However, these notions can be described more based on the CH4 purity in produced gas and the quantity of CH4 recovered as a function of cumulative gas injection quantity for various ECBM operational schemes, which are visualized in Fig. 7a, b, respectively. It is worth to notify that the x-coordinate is more appropriately used for indicating the cumulative gas injection instead of time and a uniform injection pressure (Pinj = 4 MPa) was attributed for these simulation purposes. It can be clearly visualized that the purity of produced CH4 becomes more contaminated due to the addition of N2 in injected gas, which creates also an overlapping between the CH4 desorption and N2 injection fronts discussed above. On the contrary, pure CO2 in injected gas increases the purity of CH4 in produced gas until the ending of the recovery operation. Besides these, compared with the pure CO2, the addition of N2 in injected gas mixtures permits initial methane recovery quite faster according to the quantity of CH4 recovered. But, it becomes possible to attain the total recovery of CH4 earlier when the amount of CO2 starts increasing in the feed and is shown by the large crossover visualization at CH4 recovery values. The characteristic of CH4 displacement can be described more effectively with CO2 content for its higher adsorptivity analogous to both CH4 and N2. Results that display a resembling crossover have been examined by presuming uniform porosity and permeability and by using a method to achieve the solutions of analytical approach of gas transport at the time of ECBM recovery operation. However, the slower primary recovery is observed when the injected gas mixture is enriched with CO2 and can be further imposed to a declination of local flow velocity caused by the reduction of CO2 from the fluid phase.

Fig. 7
figure 7

Enhanced coal bed methane recovery: a CH4 purity and b CH4 recovery, as a function of the amount of injected gas for various ECBM scenarios with various injection compositions

Influence of coal swelling and permeability

Previous studies have shown that the problems related to the reduction in permeability are happened by injection of CO2. It is anticipated that the reduction in permeability mainly restricted around the injection well, in which the concentration of CO2 is large (Schepers et al. 2011). Figure 8 represents the permeability ratio k/k0 for Case B, during the initial 4 days of injection at the injection well (z = 0) as a function of time. The initial permeability chooses a value of near to 4.4 mD for pure CO2, though it has been lowered down by 0.4 mD after 4 days, which correspondently reduces about one order of value. On the other hand, the opposite situation takes place for pure N2, which approximately doubling the value of initial permeability.

Fig. 8
figure 8

Permeability ratio k/k0 at the injection well as a function of time for Case B (strong swelling) for various ECBM scenarios with various injection compositions (Pini et al. 2011)
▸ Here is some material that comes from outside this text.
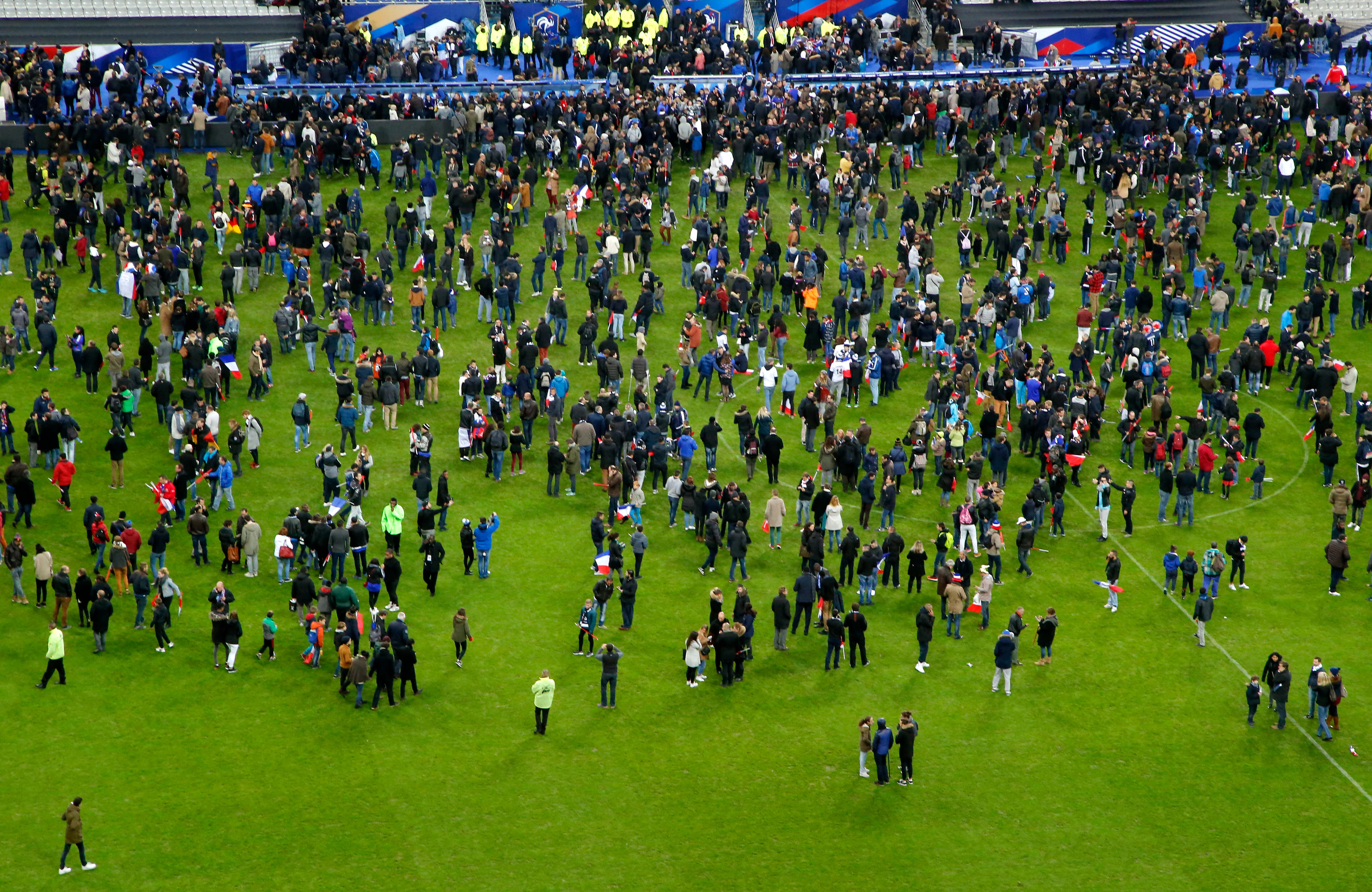 Bilder från attackerna i Paris Bilder från attackerna i Paris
The decrease in permeability has significant influences on ECBM process itself (Pashin 2016). Here, Fig. 9a, b represents the quantity of injected CO2 gas in the coal seam for different ECBM scenarios as a function of time according to the weakness (Case A) and strongness (Case B) of coal swelling, respectively. For Case A, the obtained curves are scattering out quietly, as the amount of CO2 gas in injected mixture is increasing continuously. On the contrary, for Case B, these curves are considerably smaller than the Case A for 4 different injection scenarios. Consequently, compared to the mixture of 80:20/CO2:N2, it is evident that the increasing feed concentration of CO2 is not reflected when it is injected continuously for the pure CO2 case. However, these analyzed results show that if the goal is to increase the storage of CO2, then it should be needed to inject a mixture of CO2/N2 effectively than only the injection of pure CO2.

Fig. 9
figure 9

Quantity of injected CO2 as a function of time for a weak swelling—Case A, and b strong swelling—Case B, for various ECBM scenarios with various injection compositions

Sensitivity analysis

Sensitivity analysis is a way of showing the uncertainty occurred according to the variation in the output of a mathematical model, which can be influenced by the changes of qualitative and quantitative input values in the input of the model. Figure 10 shows the testing of different parameters like Young’s modulus, cleat porosity, Poisson’s ratio, CO2 desorption time, CH4 desorption time, CO2 Langmuir volume, etc., that are alternated within reasonable range.

Fig. 10
figure 10

Sensitivity analysis on various reservoir parameters (He et al. 2013)

Based on the sensitivity analysis, the result provides an illustration on both the CO2 injection and CH4 production by comparing the effects of major CBM properties. It also founds that the simulation result can be affected little by the Young’s modulus and Poisson’s ratio, where cleat permeability, Langmuir strain, and volume and desorption time have serious effects on the result. For instance, the higher the desorption time of CH4 extends, the slower the desorption process would be. Not only that, but also the rate of enhancing cleat permeability would be slower due to the slow process of matrix shrinkage. Consequently, the gas production rate would be slower within the restricted time range. After that, the producing rate of gas production will be declined considerably from the faster producing rate without any doubt based on the definite time range.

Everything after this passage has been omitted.